Belalı bir hayvan sözcük olan şu canavarın hışmından, Allah cümlemizi korusun.
Ülkemizde, günde ortalama 5 kişinin öldüğü trafik kazalarını normal karşılayan tepkisizlerimiz; 100 den fazla ölü verdiğimiz Bayram tatili kazalarını da olağanmış gibi karşılayarak, trafik sorunlarımızı, açılım canavarıyla unutturup, daha bir çok diğer sorunlarımız gibi, gündem dışına itivermişlerdir.
Ateşler düştükleri yerleri yakmış, Trafik Canavarı'nın yerini Açılım Canavarı almıştır. İkisinin de tencere misali, birbirinden gara olan diplerinin aklanması, inşaallah mahşere bırakılmaz ve milletimiz, bu canavarların üstesinden gelir.
Avrupa standartlarında bir yaşam tarzımız ve sosyal refahımız olmadığı halde, varmış gibi gösterilmeye çalışılması, millet olarak hepimizi elbette derinden üzmekte ve tedirgin etmektedir.
Hergün zamansız bir ölümü ensesinde hisseden, insani zevkleri pörsütülerek yaşam standartları minumuma indirilen, kutuplaştırılarak birbirlerine yabancılaştırılan örselenmiş insanlarımız; adeta ,bir patlama noktasına getirilmişlerdir.
Birey olarak nüfusumuzun yaklaşık olarak yüzde 47 si ekonomik ve sosyal yönden yardıma muhtaç hale gelmiş ve bu kişilere, AB normlarına göre de yeterli destek, sağlanamamıştır.
Üç kişiden birinin , işsiz,
Beş kişiden üçünün, dişsiz,
On çocuktan dördünün, öksüz,
550 vekilden, 300 ünün yüzsüz..
.. olduğu ülkemizde, sağlıklı bir sosyal politikamızın olduğunu söylememiz, mümkün olmamıştır.. Hal böyleyken füze kalkanları almaya kalkmak da cidden, maneviyatımızı bozmuştur.
Sağlık, sosyal, eğitim ve istihdam alanlarında yeterli açılımlar yapmayı beceremiyen politikacılarımız, dokunulmazlıklarıyla ve aldıkları maaşlarla günlerini gün etmişler, ne topraksız köylüye toprak dağıtmışlar ve ne de yasamayla Anayasamızı değiştirmişlerdir.

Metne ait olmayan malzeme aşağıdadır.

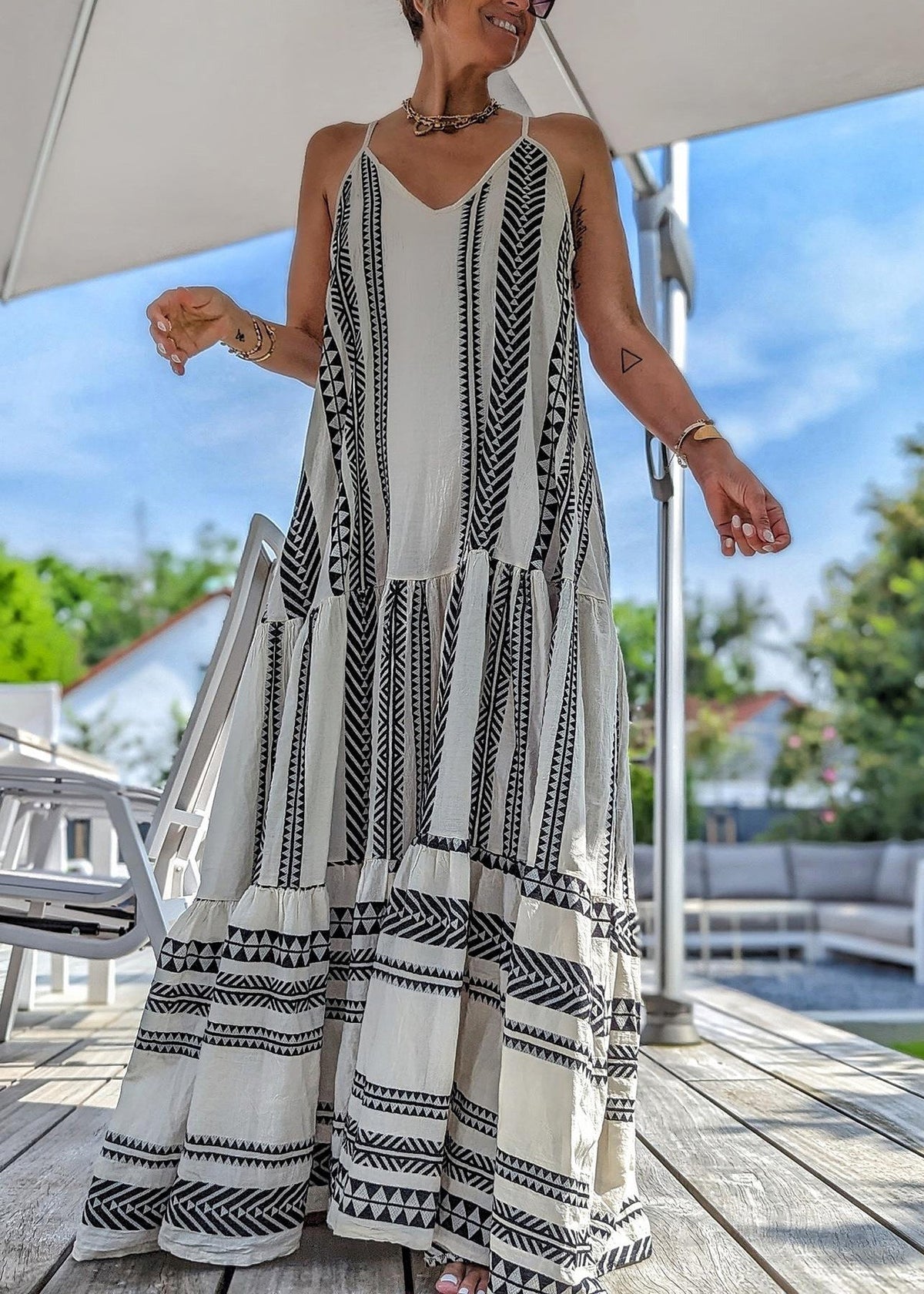 Effortlessly Elegant Dress with a Timeless Design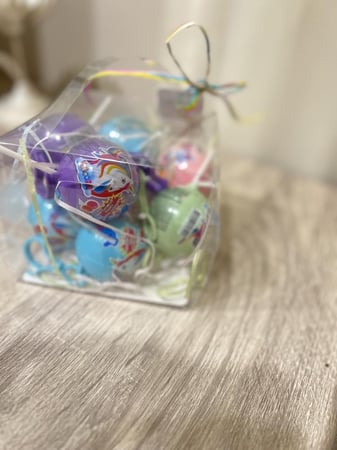 بوكس يحتوي على 8 توزيعات عباره عن ميداليه وحلاوه ولعبه واستيكرات )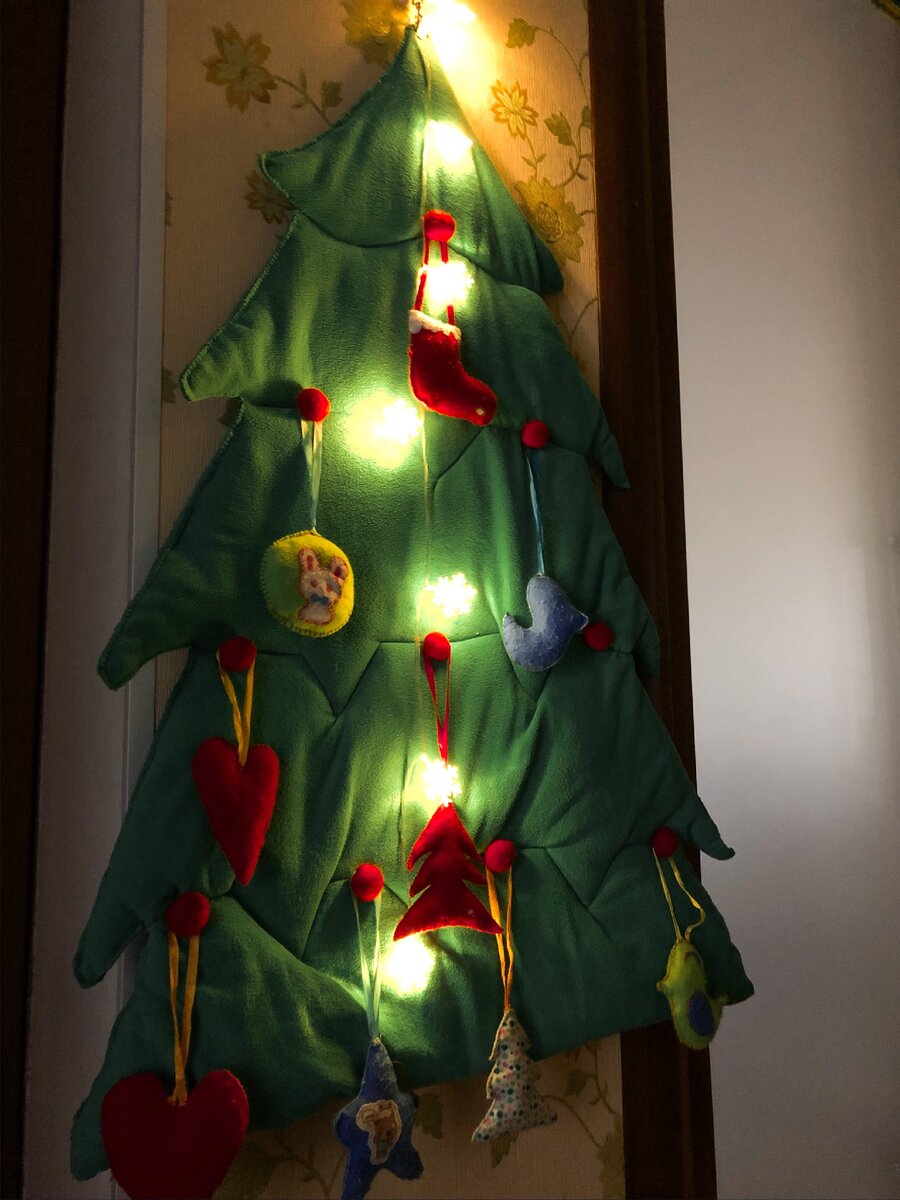 Фетровая елочка и игрушки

Biz, politikacılardan hep, vaat ettiklerini yapmalarını beklemişizdir.
Biz, artık ; ...
Devletin-deniz,
Milletin-illet,
İnsanın-kul,
Yurttaşın-dilenci,
Vatandaşın-koyun,
Yürütmenin-yürüten,
Yargının-bağımlı,
Katilin-suçsuz,
İktidarın-masum,
AK'ların, kara,
Gençlerin işsiz,
Gurbetçinin-almancı,
..OLMADIĞI, bir politika istiyoruz demişizdir ve demeye de devam edeceğiz.
Biz millet olarak; sosyal adalet istiyoruz, sosyal barış istiyoruz. Biz; ağalığın, derebeyliğin, kula-kulluğun kaldırılarak Ortaçağ normlarının, tasfiye edilmesini istiyoruz. Biz; TBMM'sinin yaptığı yasalarla yönetilmek ve herkesin kayıtsız-şartsız yasalara uymasını istiyoruz.
Biz ; AB ve ABD projeleriyle ülkemizin şekillenmesini ve milletimizin,
Soya göre, sopa göre.
Beye göre, boya göre
Dine göre, dona göre
Konuştuğu dile göre
.. ayrıştırılmasını, tasnif edilmesini istemiyoruz.
Biz ; bedeli ne olursa olsun ırkçılığa, ayrımcılığa, yobazlığa, feodal yapılanmalara karşı çıkarak halkların dostluğunu, kardeşliğini ve barışını istiyoruz.. Bunun için bizim, ne kefen giymemize ve ne de dalkavukluğa ihtiyacımız vardır.
Biz ; ülkemiz Türkiye'ye, etnik kökeni ne olursa olsun Türkiye Cumhuriyeti'ne vatandaşlık bağıyla bağlı milletimize, ulusal dilimiz Türkçe'ye ve ay-yıldızlı bayrağımıza sahip çıkıyoruz ve çıkmaya da devam emek istiyoruz.
Vekillerimiz olarak sizler de lütfen, üzerinize düşen görevlerinizi sorumlulukla yapınız. Meclisimizin açılmasıyla Açılım Canavarını 7 başlı dev yapmayınız. Donkişot misali canavarla kılıç-kalkan dövüşmeyiniz.